Meagan Ledendecker • Feb 18, 2024
Image of  woman and a girl sitting in front of a rock face working on crafts

As adults, we often step into particular kinds of roles with children. We can be parents, aunts, uncles. We can be coaches, mentors, teachers. Each role has a set of expectations, often with an unspoken rule that the adult knows best and that children will learn from us.


Yet the roles adults can play in children’s lives can be much more nuanced. We can facilitate, suggest, model, and observe. The world can teach and the adults can serve as guides in a process of learning and discovery.


Be Curious


In the Positive Discipline approach, adults guide growth and learning by asking “curiosity questions.” The key is not to rely on scripted questions but rather to be genuinely curious, perhaps asking questions like:


  • How do you feel about what happened?
  • What were you trying to accomplish?
  • What did you learn?
  • How do you think you might use what you learned?
  • What ideas do you have for solutions?

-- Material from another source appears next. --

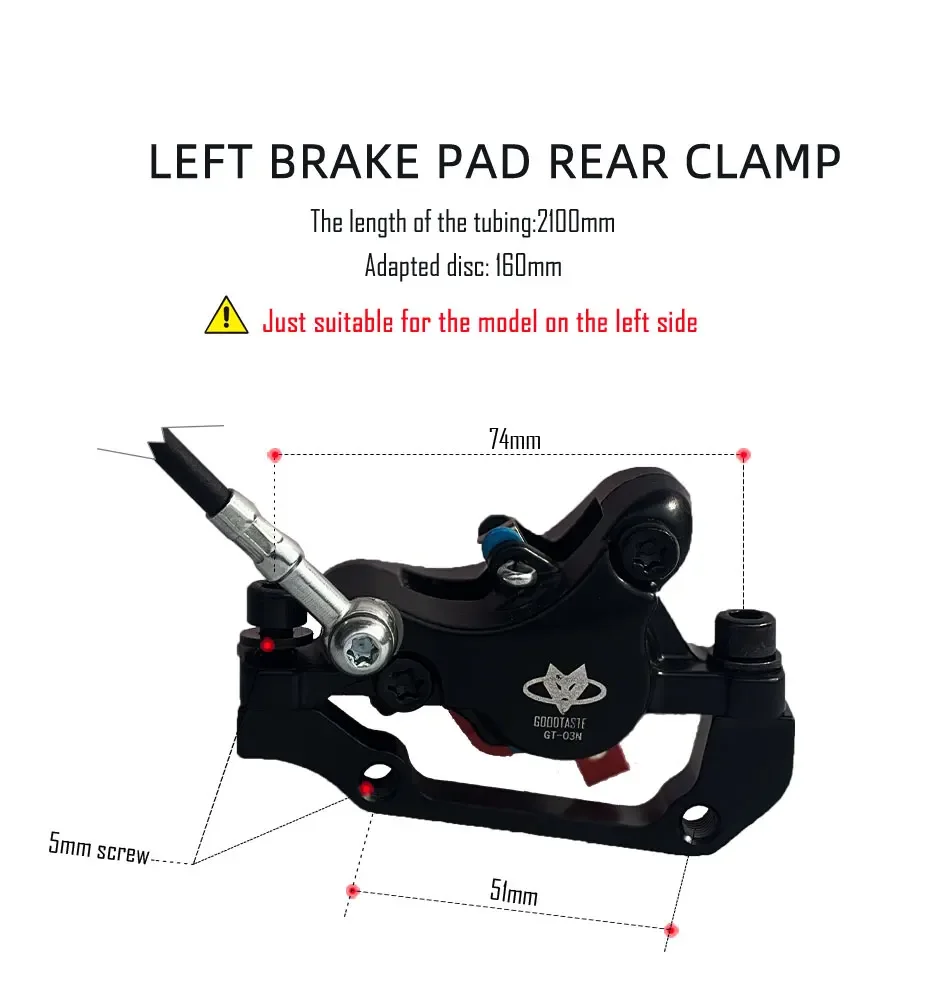 Goodtaste GT03N Left Disc Hydraulic Brakes for Mountain E-bike Power Off Xod Long Oil Tube 2100 160 140 Lever Clamp Brake Handle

Avoiding the question “why?” is also important as it can sound accusatory and can lead to a child feeling defensive.


Sometimes a young person in our life is struggling, perhaps lashing out verbally or doing everything they can emotionally hurt others. If we can wonder what might be behind their behavior, we can shift our approach. We can also be curious about what we want or need in the interaction. For example, sometimes when a young person is struggling, we just want to know how we can help that person feel better. If that is the case, we can ask the question full-heartedly: “What can I do to help you have a better day?” 


Shift to Support


When we shift our roles and think about how to learn more about what our children are feeling, thinking, and exploring, we become meaningful guides. Rather than dispensing information, we can help children make discoveries. This is an essential part of what Montessori teachers do each day in our learning communities. 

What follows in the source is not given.